More different, then night & day.

  • Brytanee
    15 years ago

    My boyfriend & I are so different! I believe in this, he believes in that, I like this, he likes that. I come from a very well-handled family (for the most part) & he comes from a long distance, unconnected one. im all about my family. holidays, birthdays, every day life, he doesn't involve his family in anything. barely his father & we live with him.

    the difference, doesn't bother me like it used to, in the beginning anyway. we have both changed sense. but, one thing that bothers me all the time, is who & how his exes were. sense he & I are so intensely different, I am nothing like his exes, or the others he has been with.

    which just happen to be.. very slim & slender girls, who have the same interests in music, their lifestyles, their personalities.. I am NOTHING like any of them. & im not over reacting either. but his exes, I can't seem to get over, even though I try.

    im not slim & slender, I have a body I do not proudly show off, or anything of the sort. I just don't see, why he chose me. when EVERY girl he has been with, are another him, & are skinny & such. he says it shouldn't matter, only what he thinks should. okay, fine. but what I think about myself, matters too, doesn't it?

    I think to an extent, I am over reacting about his exes. & I should quit complaining & just accept he is with me & not them & that he chose me over them.. why is it so hard to do, what I know i should?

    it just bothers me so much..

  • Captivat3d
    15 years ago

    Yeah, I totally get how you feel. I'm sure a lot of people do...

    I can't help comparing either but the difference between you and me is that I think I'm better than his exes lol but it bothers me because he brings up his exes sometime :/ and he even said I'm not the best looking one which kinda bothered me...

    Anyways, what helps me is just not thinking about the past. And that he's not with his exes for a reason, it didn't work out for a reason and that he'll never be with those girls again. Being totally different isn't really a bad thing. Me and my bf are really really different too. Not even kidding, at first it bothered me too. I think it makes the relationship more exciting.

    Well, your different than his exes which makes you unique. He probably thinks your personality is great and probably doesn't care what you look like. I think it'll take you some time to get over this but you just have to not think about it and don't ask your bf any questions about his exes. Just pretend your his first :P I hope that helped..a little lol

  • Brytanee
    15 years ago

    Well I know im better then them, like not in a stuckup selfish way. but because I am nothing like them. they were into drugs & sleeping around & just dirty/nasty girls all together.

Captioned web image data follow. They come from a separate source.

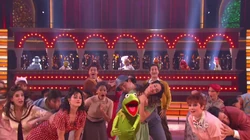 Kermitarchesdancingstars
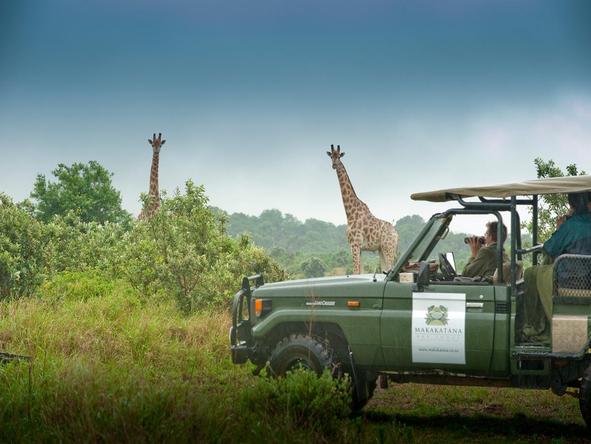 Makakatana Bay Lodge - giraffe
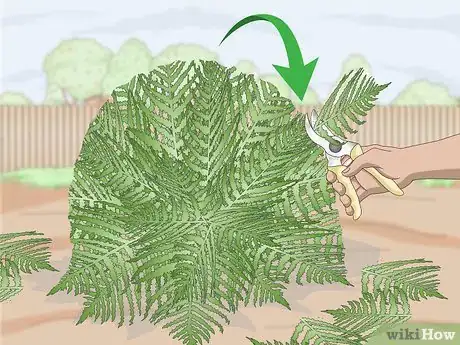 Image titled Prune Ferns Step 4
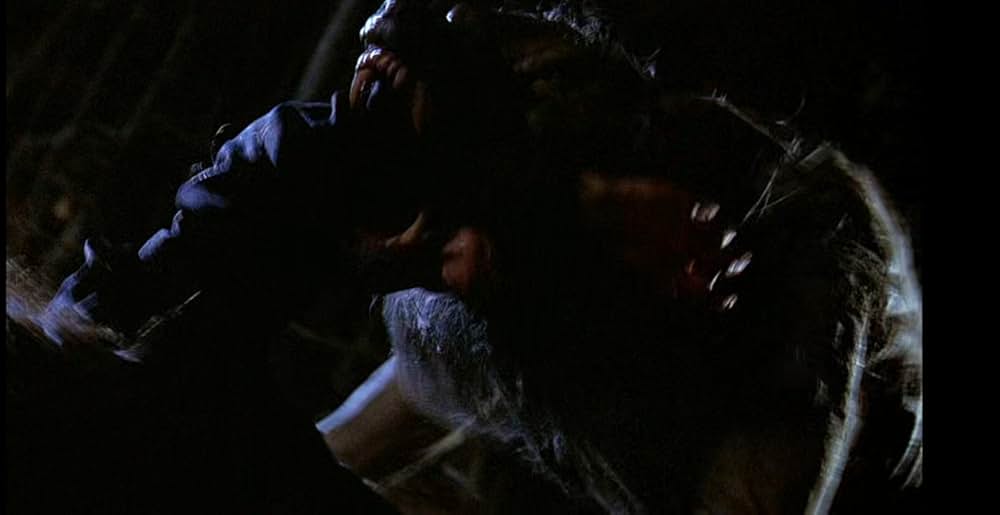 ジンジャー スナップスの画像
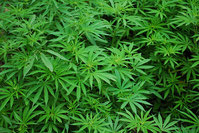 Cannabis Pflanze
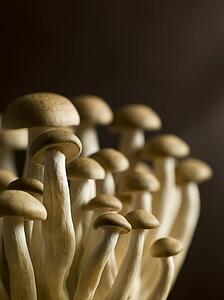 Buna Shimoji, brwon beech, mushrooms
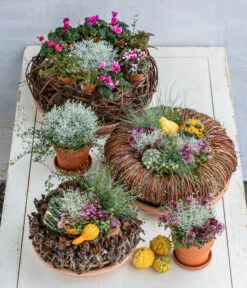 Dehner Kranz Twig, Ca. Ø30 Cm 6 Dehner Kranz Twig, Ca. Ø30 Cm -Pflanzenbedarf Geschäft 8815763 6273635 WE MO 001 MuecaKrazWeinrebeFrost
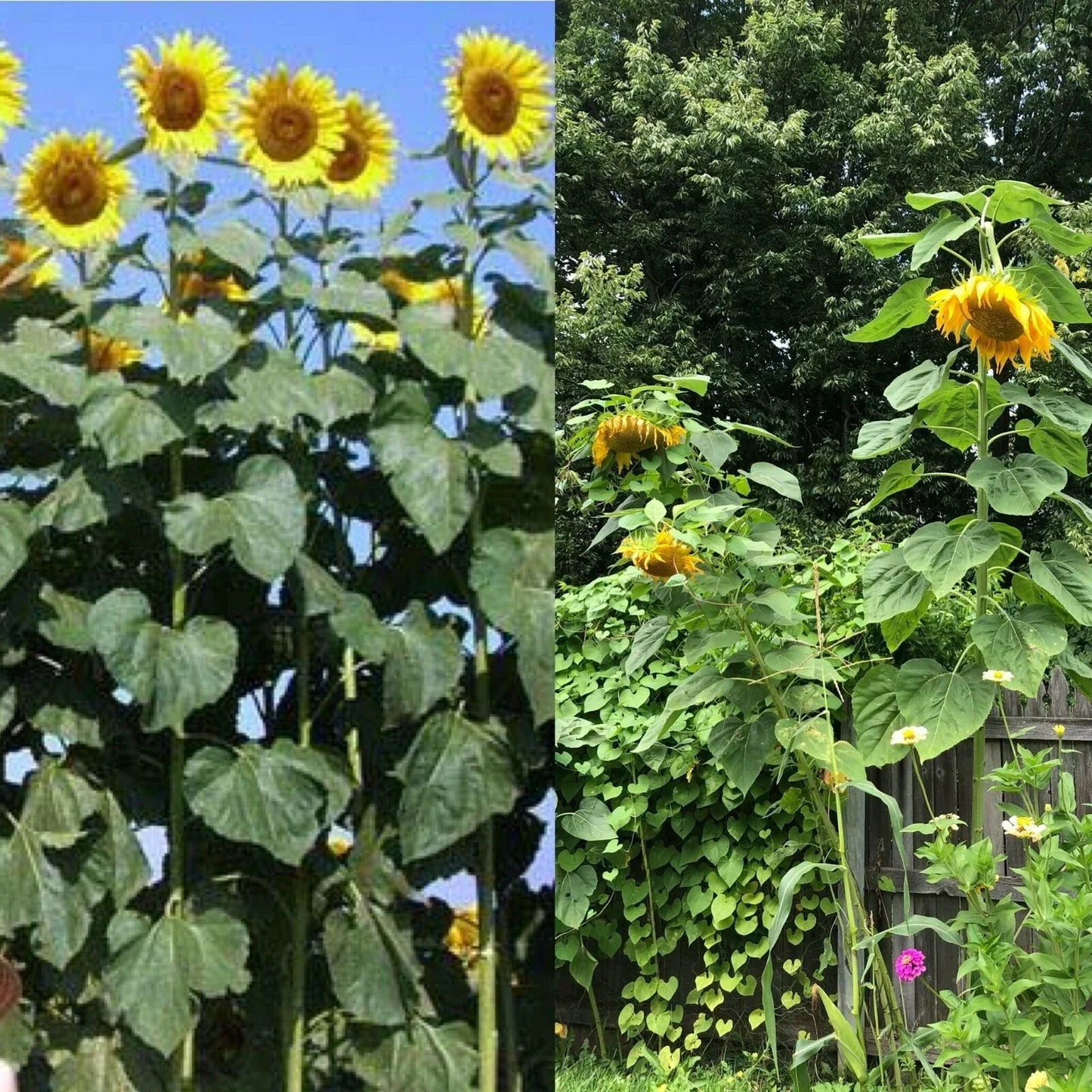 Mammoth Black Russian Sunflower Seeds - 26+ Organic Helianthus annuus, Easy to Grow Annual Wildflower
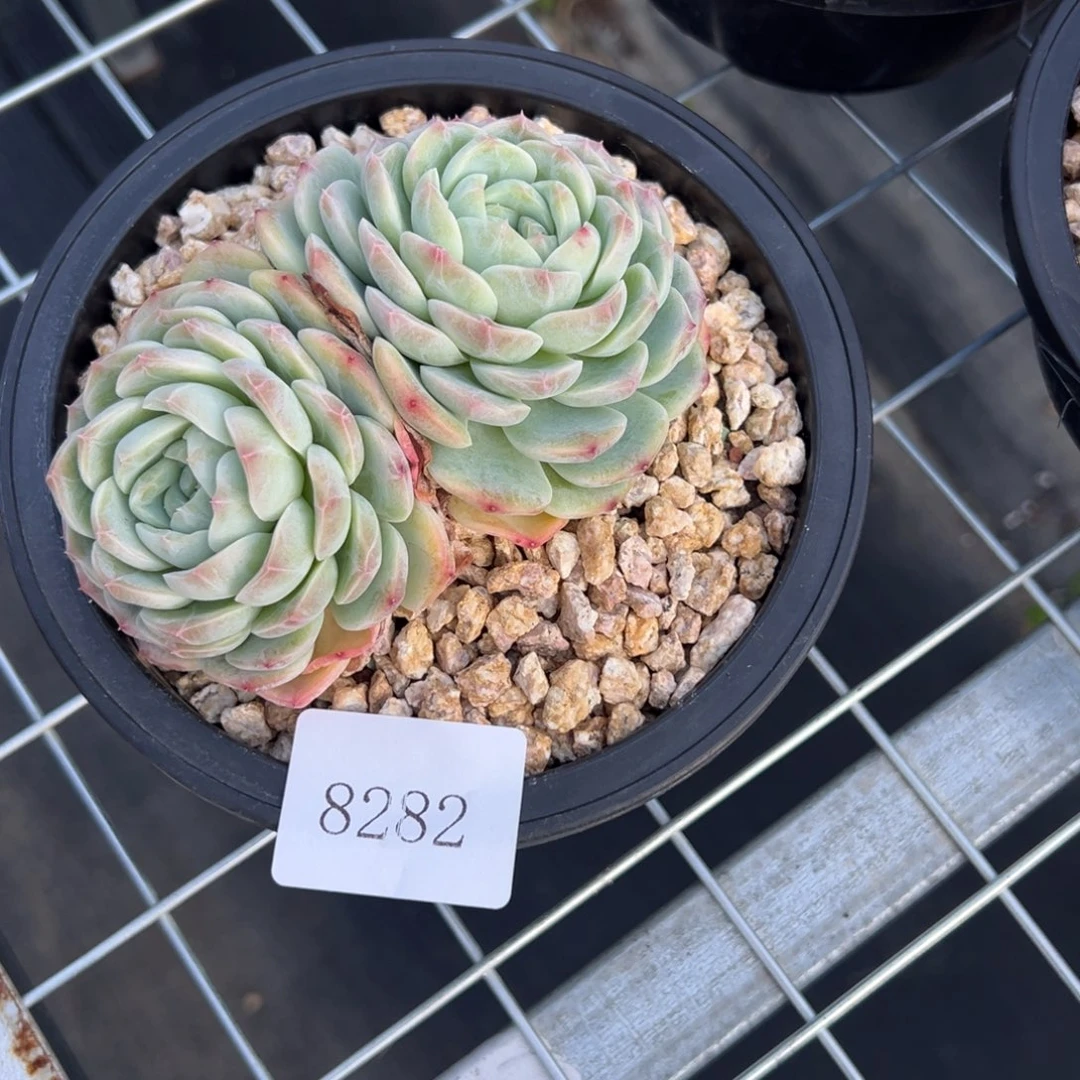 S****g8282多多肉的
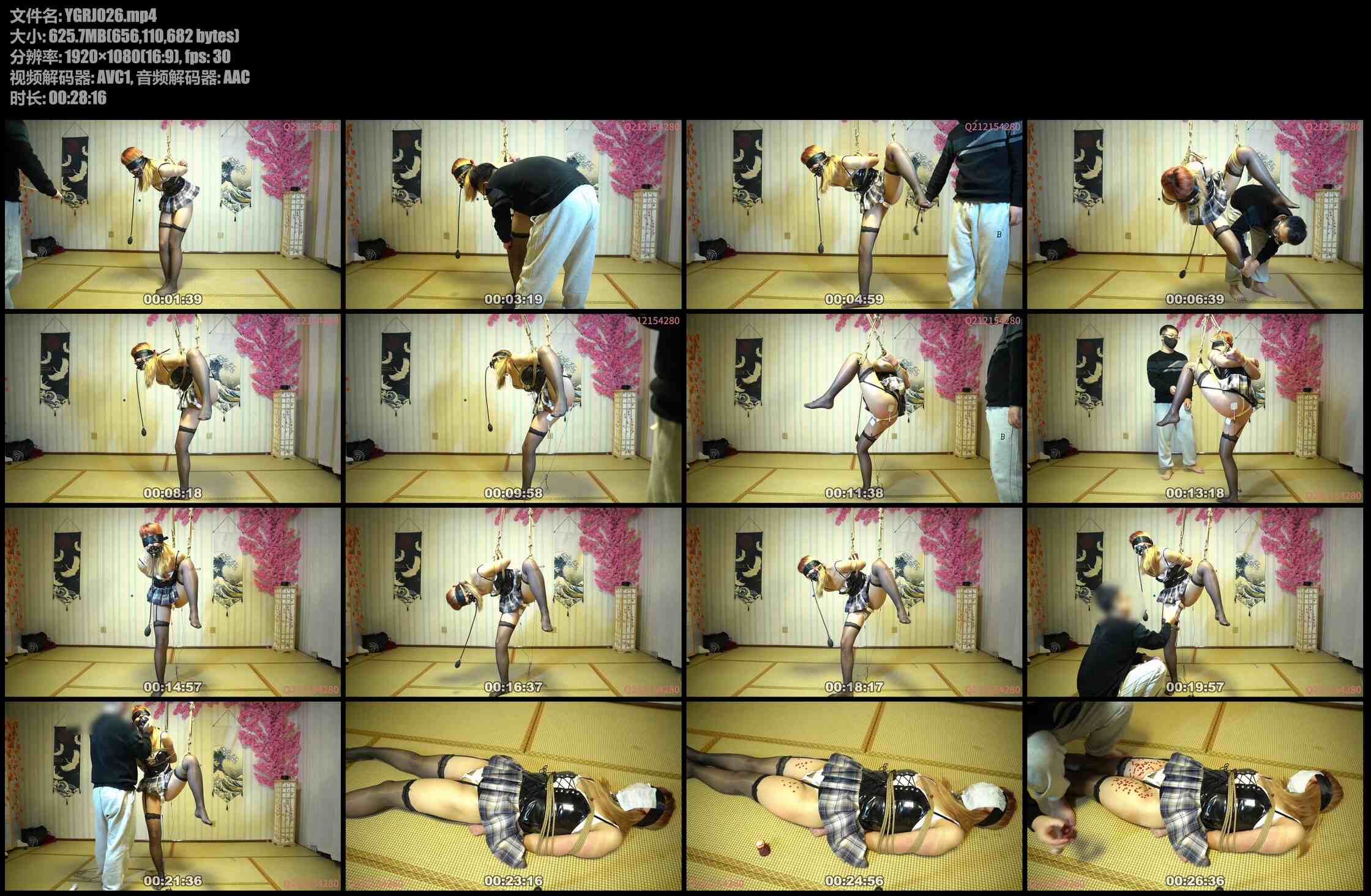 悦感日记 新模欣欣 无内吊带黑丝啵啵贝郊狼开160SPTK吊缚挣扎滴蜡窒xi超多元素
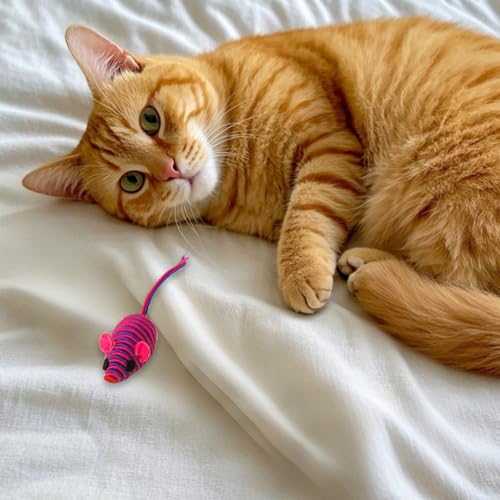 Kauspielzeug Katze Simulationsspielzeug-Set für Katzen, Federkau- Kratzspielzeug (C, 15cm) von Feizikaw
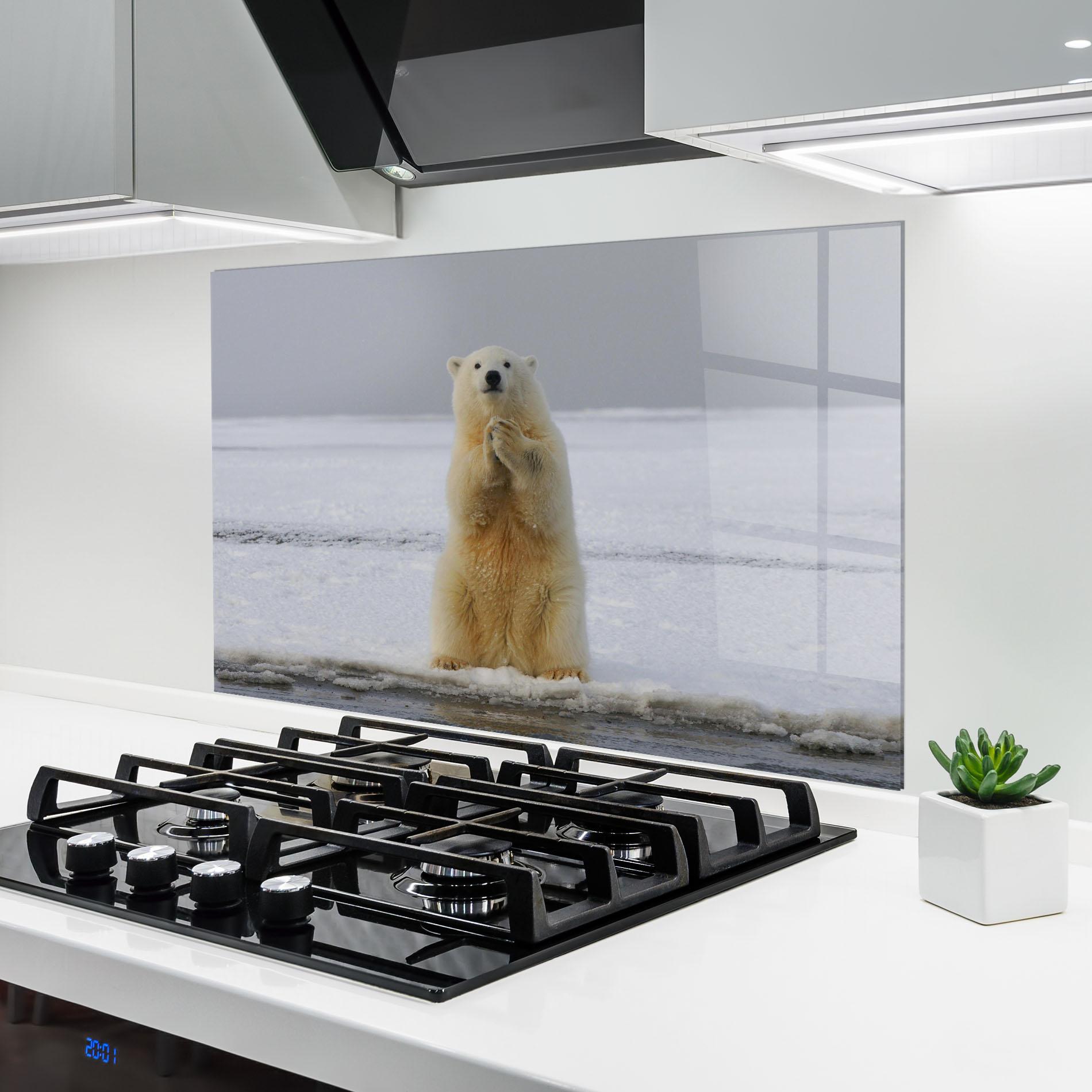 Konyhai üveg hátfal Icebear Praying mockup 6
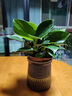 藝萱金鉆盆栽綠蘿籮水培植物室內好養的花卉綠植多肉客廳新房?jì)艋諝?綠公主一盆三棵（原盆原土）+營(yíng)養液 含盆 曬單實(shí)拍圖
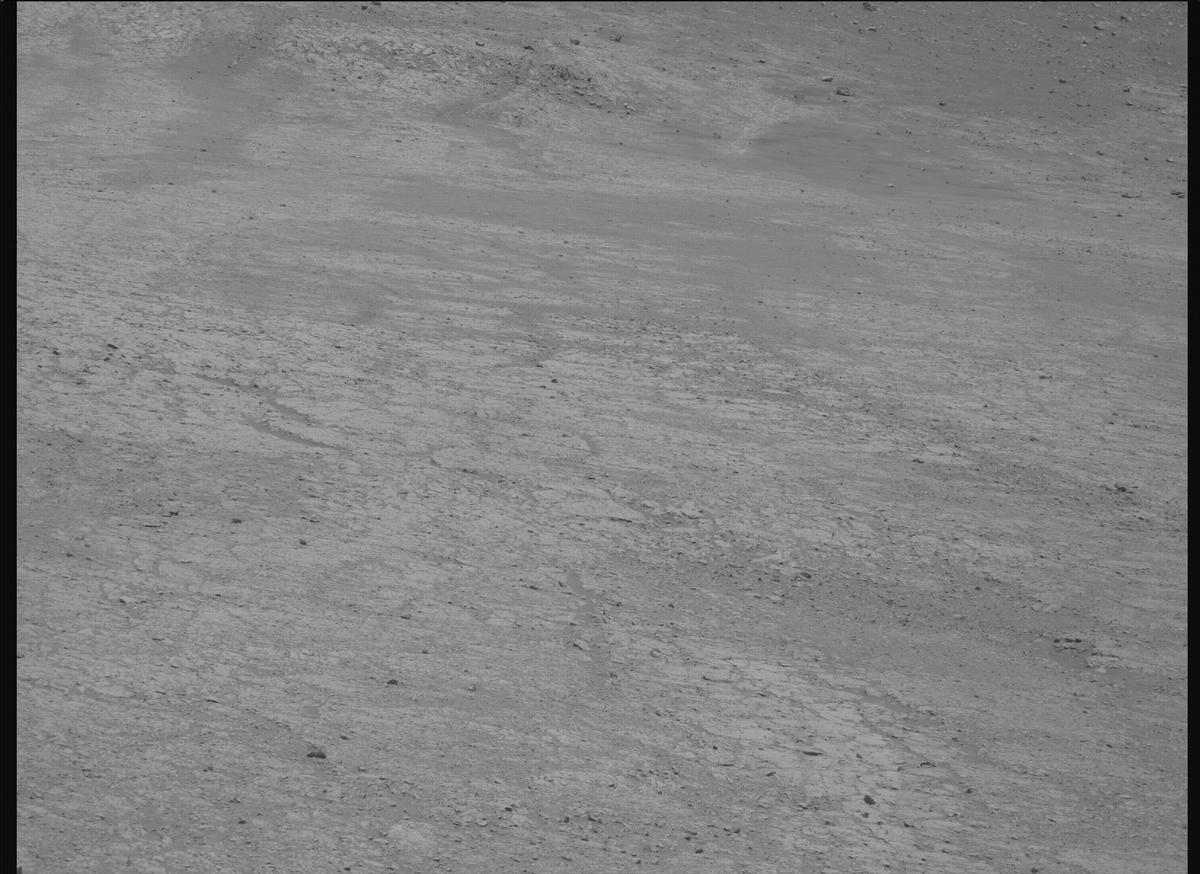 This image was taken by MCZ_RIGHT onboard NASA's Mars rover Perseverance on Sol 1466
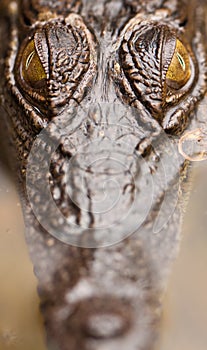 Close-up of salt water crocodile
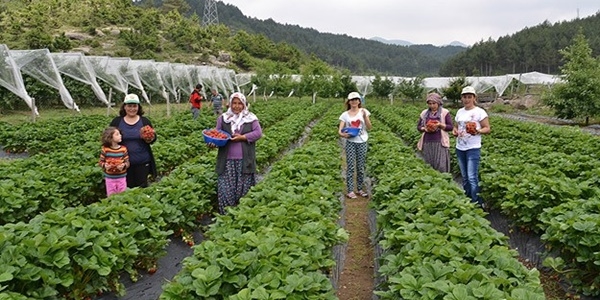 Balkona s�s olsun diye ald��� �ilek ge�im kayna�� oldu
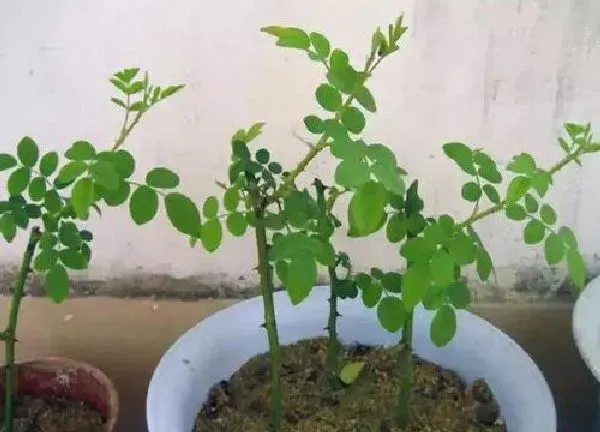 植物扦插|玫瑰花插枝能活吗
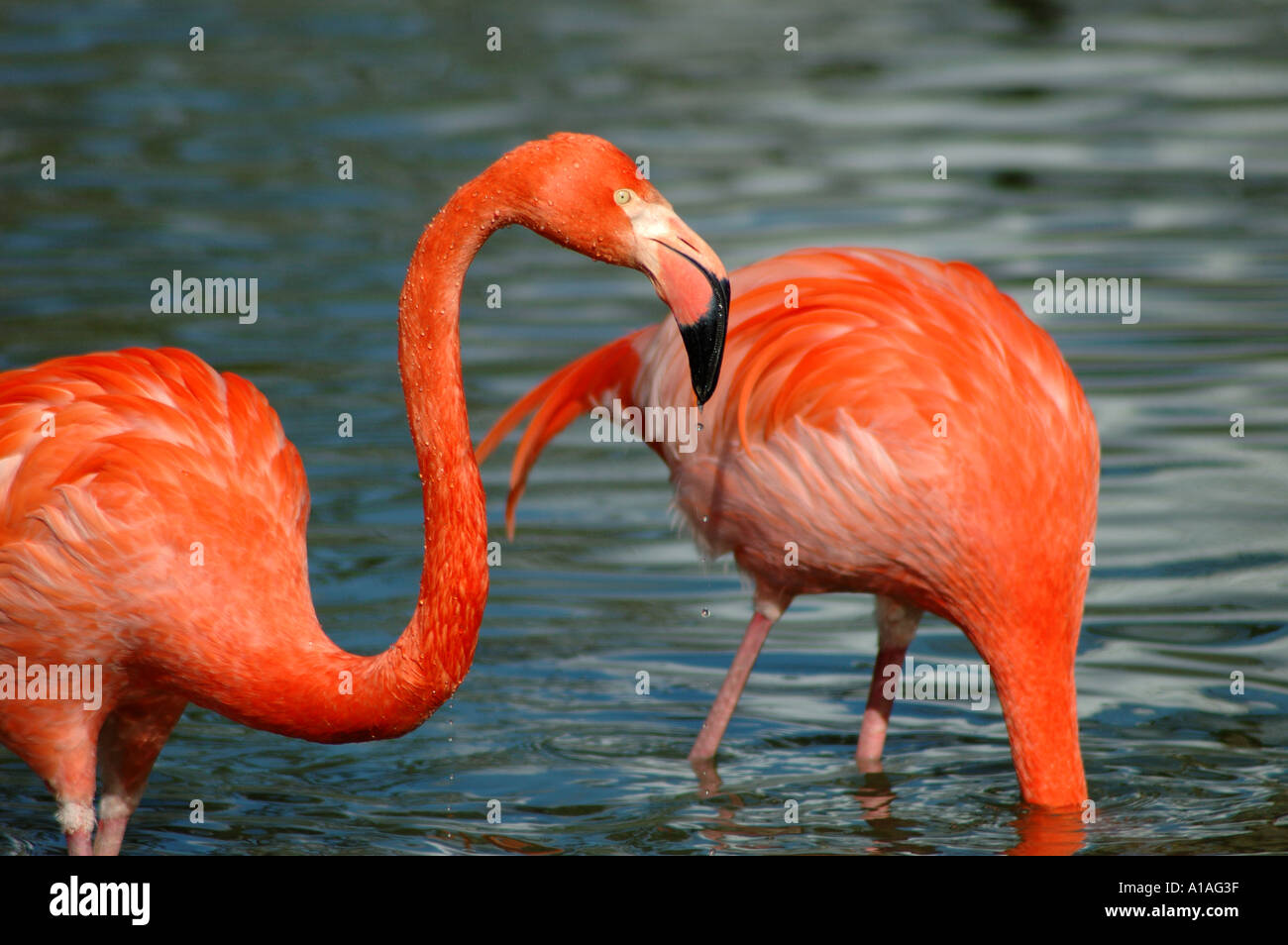 Two Flamingos in water Stock Photo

    him being with me, has made him a better parson, which he has said plenty of times.

    all that bothers me is, I guess because he used to tell all the others that he loved them. I know & feel that he loves me, differently, if he even loved them at all.

    & your right. that is a good way to think of it, me being his first & all. I like that lol.

  • Beautiful Chaos
    15 years ago

    The problem isn't his exes, it's your own insecurity. Be secure with who you are and what someone else looks like won't matter to you. Looks are not all that attract people.

  • Elizabeth
    15 years ago

    ^ I agree. It's not his exes or his past relationships that are the problem, it's your insecurity with who you are and in your own relationship.

    Not every guy is solely concerned about how good you look, it's far more than just physical attraction and in some cases that non-physical attraction is very much more preferred.

    Being different isn't always a "bad" thing. My partner, his opinions, beliefs, morals, interests and the like, are so much like mine--Yet!--completely his own, much like mine are completely my own. Just because some people have something in common doesn't mean that their relationship is any better than someone else' just because they are different. For some people it's better to be with someone who is different than you and for others it's better to be with others who have something in common with you. Do you understand what I mean? If you have something in common you're likely to want to do those things together. If you're always doing things together then what time does that leave for yourself? For some people; who spend so much time together and leave no time for themselves, that can actually hurt their relationship. Besides, people; their opinions, beliefs, interests and the like, are always constantly changing to some degree.

    "he says it shouldn't matter, only what he thinks should. okay, fine. but what I think about myself, matters too, doesn't it?"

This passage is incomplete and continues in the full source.